++++ Entries shown ++++
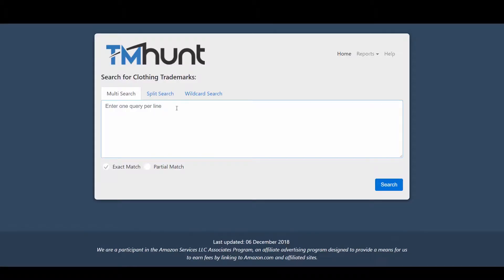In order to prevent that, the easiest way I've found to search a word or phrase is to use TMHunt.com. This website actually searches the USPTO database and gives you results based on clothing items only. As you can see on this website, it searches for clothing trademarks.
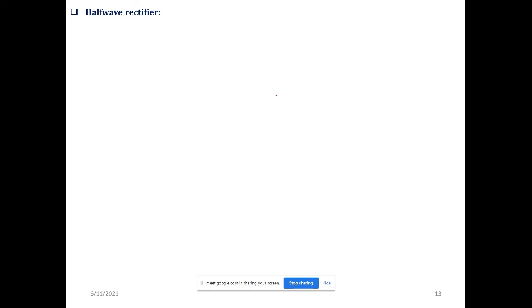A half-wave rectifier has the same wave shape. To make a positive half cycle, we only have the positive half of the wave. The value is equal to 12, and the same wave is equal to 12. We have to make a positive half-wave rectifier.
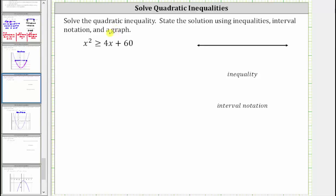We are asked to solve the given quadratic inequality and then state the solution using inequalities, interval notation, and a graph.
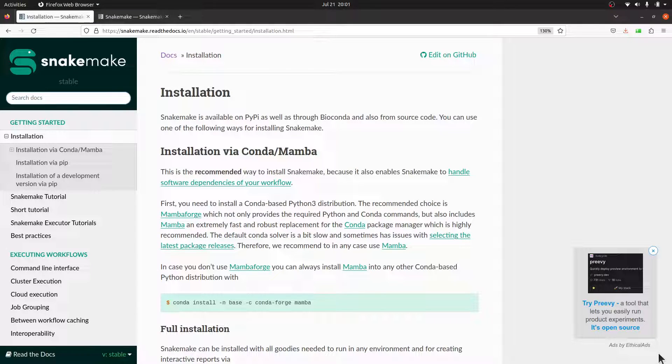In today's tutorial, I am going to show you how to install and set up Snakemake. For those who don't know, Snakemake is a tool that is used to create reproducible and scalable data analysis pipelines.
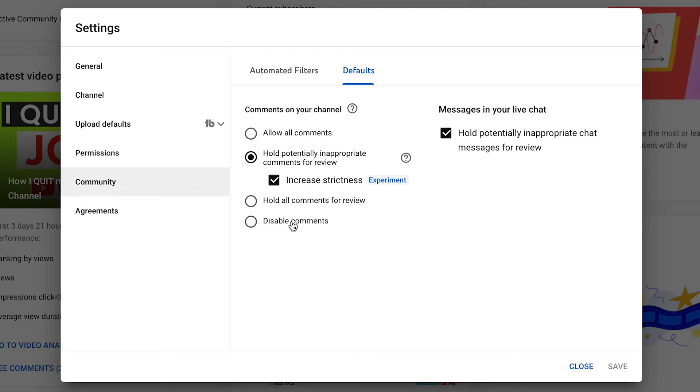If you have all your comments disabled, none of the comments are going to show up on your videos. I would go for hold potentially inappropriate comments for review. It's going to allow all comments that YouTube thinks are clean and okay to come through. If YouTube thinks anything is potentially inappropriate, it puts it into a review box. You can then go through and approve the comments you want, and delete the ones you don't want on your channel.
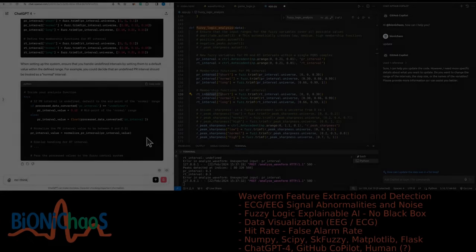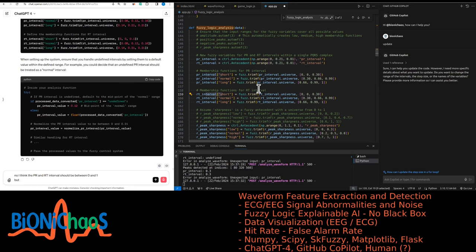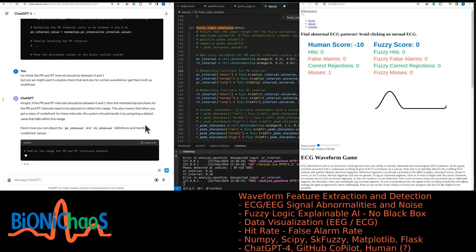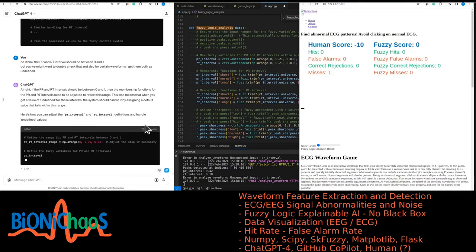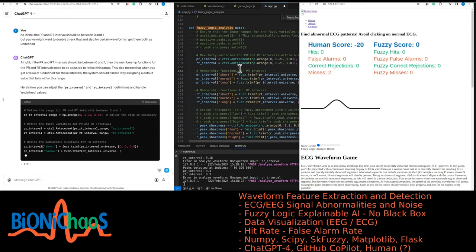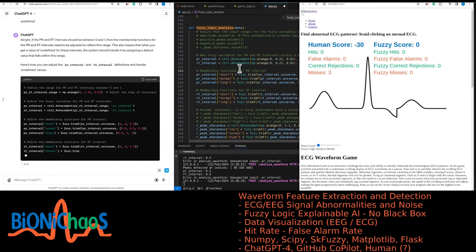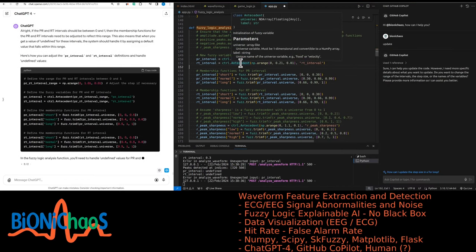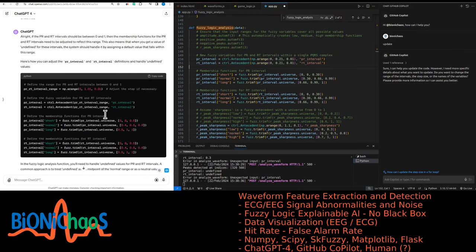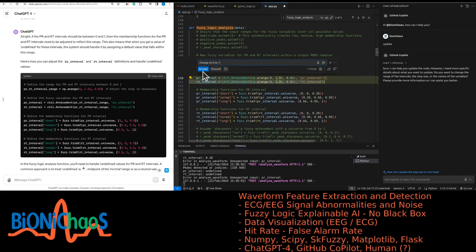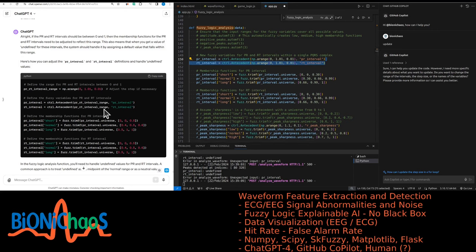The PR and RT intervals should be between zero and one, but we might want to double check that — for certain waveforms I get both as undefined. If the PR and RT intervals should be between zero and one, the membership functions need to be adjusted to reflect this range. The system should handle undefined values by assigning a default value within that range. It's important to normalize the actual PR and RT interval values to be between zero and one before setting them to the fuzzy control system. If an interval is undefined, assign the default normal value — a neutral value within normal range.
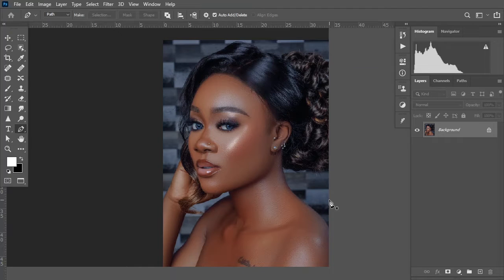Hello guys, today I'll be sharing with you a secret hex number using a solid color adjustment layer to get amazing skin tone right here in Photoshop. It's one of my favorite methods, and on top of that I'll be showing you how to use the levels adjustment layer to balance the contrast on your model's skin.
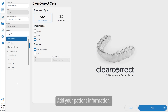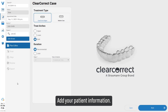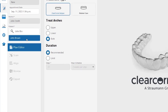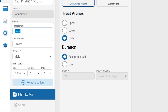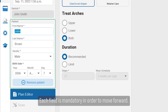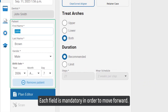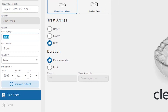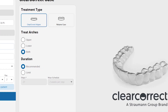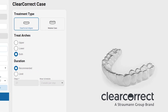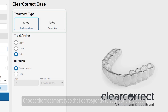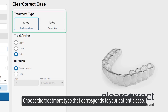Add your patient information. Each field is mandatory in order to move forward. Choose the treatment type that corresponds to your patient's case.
++++
## What is required:
Beginning with the line above that contains "In today's tutorial, I" and finishing with the line that contains "If you have", print those lines exactly and only. Skip all pictures.

## Exercise result:
In today's tutorial, I am going to show you how to install and set up Snakemake. For those who don't know, Snakemake is a tool that is used to create reproducible and scalable data analysis pipelines.
If you have all your comments disabled, none of the comments are going to show up on your videos. I would go for hold potentially inappropriate comments for review. It's going to allow all comments that YouTube thinks are clean and okay to come through. If YouTube thinks anything is potentially inappropriate, it puts it into a review box. You can then go through and approve the comments you want, and delete the ones you don't want on your channel.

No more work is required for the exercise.